До пяти оставалось чуть больше часа, мы пошли в деревушку пообедать. Единственная харчевня стояла у дороги: стол со скамьями в сумраке хижины и кухня, открытая улице, как бы на сценке, слева от порога. На этой сценке на корточках сидит повар в окруженьи черных лоханей, каждая - на своем, облизывающем ее с исподу, огне. В одной створаживается молоко, в другой тушатся овощи, в третьей кипящее масло, в четвертую он заглядывает, приподняв крышку, и, сыпанув что-то в щель, перекидывает кисти рук, не сходя с места, к пятой. Пятки сомкнуты, подбородок лежит на коленях. Для кого эта музыка?

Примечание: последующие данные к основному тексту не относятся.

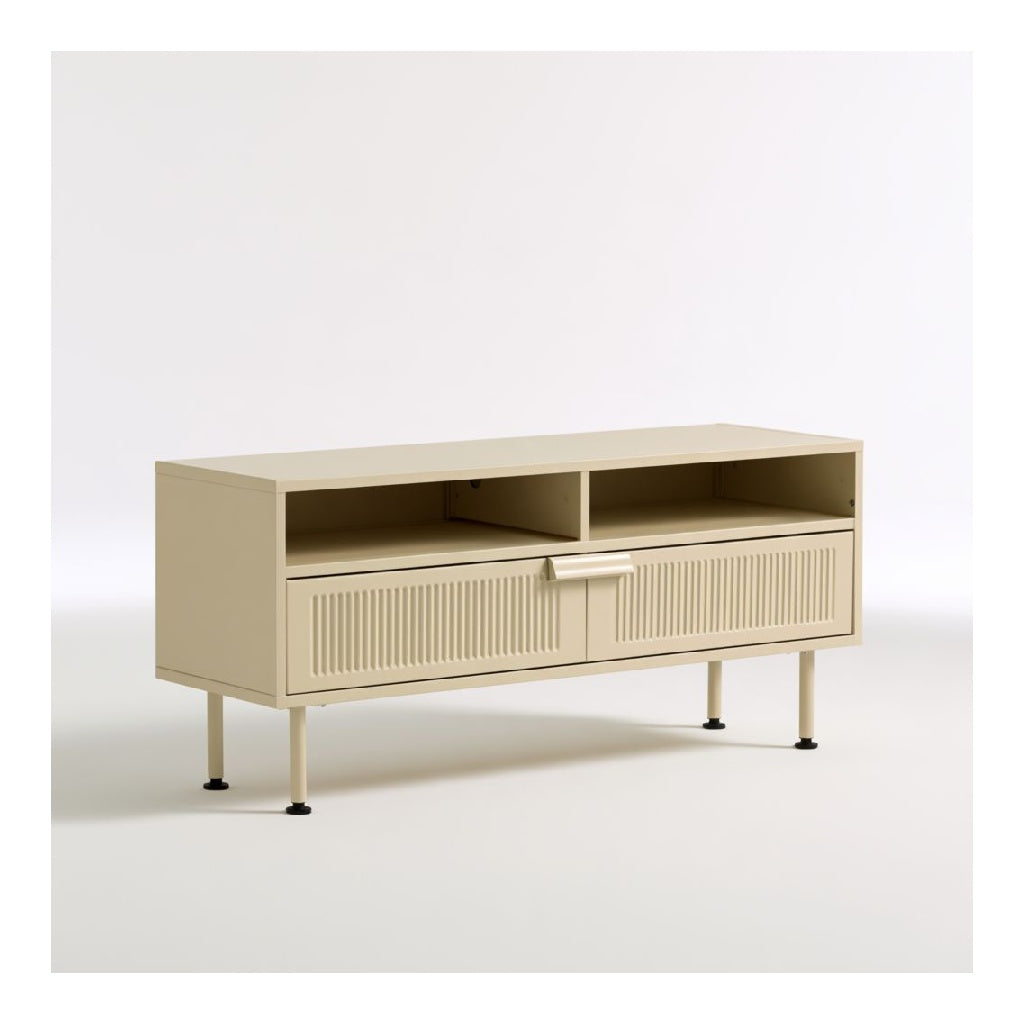 Meuble TV en acier rectangulaire beige avec 2 portes et 2 niches 100 x 40 x 75 cm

Ни души вокруг.
В пять мы поднялись на диковинный остов лестничной площадки с припаркованной к ней Кшетрой и сидящим на ней, уже на помосте, застланном узорчатой красной попоной, камуфляжным колонизатором. Денью - впереди, мы - свесив ноги по правому борту. Двинулись.
Я ожидал леопардов и тигров, вглядывался меж деревьев. На заросших участках пути Денью приподнимал над головой ветви и передавал их мне через голову Ксении.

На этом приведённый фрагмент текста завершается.